I used the pantry slide out in place of the flip down.

Removed the drawer. then un screw the bottom mounted slide plate with the slide still attached.

I was real lazy so I just put a cleat on the inside face 3/8" down from the bottom of the opening (just less then the thickness of the slide pate removed from the pantry). Placed another brace half way back. Put the slide plate in and screwed it down.

Mounted the face place and slide the new drawer in.

Did not purchase anything and made the cleats out of some 1 by scrap I had laying around.

*Top View*









*Bottom View*


----------



## Moosegut (Sep 24, 2005)

CamperAndy said:


> I used the pantry slide out in place of the flip down.
> 
> Removed the drawer. then un screw the bottom mounted slide plate with the slide still attached.
> 
> ...


Heyyyyy!
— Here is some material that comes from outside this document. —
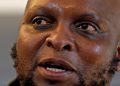 EFF’s Shivambu Takes Aim at Zuma and MK Party, Calling It a “Scam”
Where were you three days ago when I went out and bought new drawer slides?









The pantry drawer was a perfect fit and gives SOOO much room for silverware. It's nice and deep. I'm just going to put a half shelf in the back of the pantry where the drawer came from and use that space as shelf space. Didn't need two slide out drawers. I'd rather utilize every square inch I can.


----------



## RVCarolina (Jul 31, 2004)

For those of us that have done the "drawer mod", don't forget, you can still use the plastic sponge tray from the old flip-down drawer - just screw it to the tall door under the sink. Works great!
Fred


----------



## Thor (Apr 7, 2004)

Fred

Great idea - The spong tray was put on a shelf in my work shop with nothing to do.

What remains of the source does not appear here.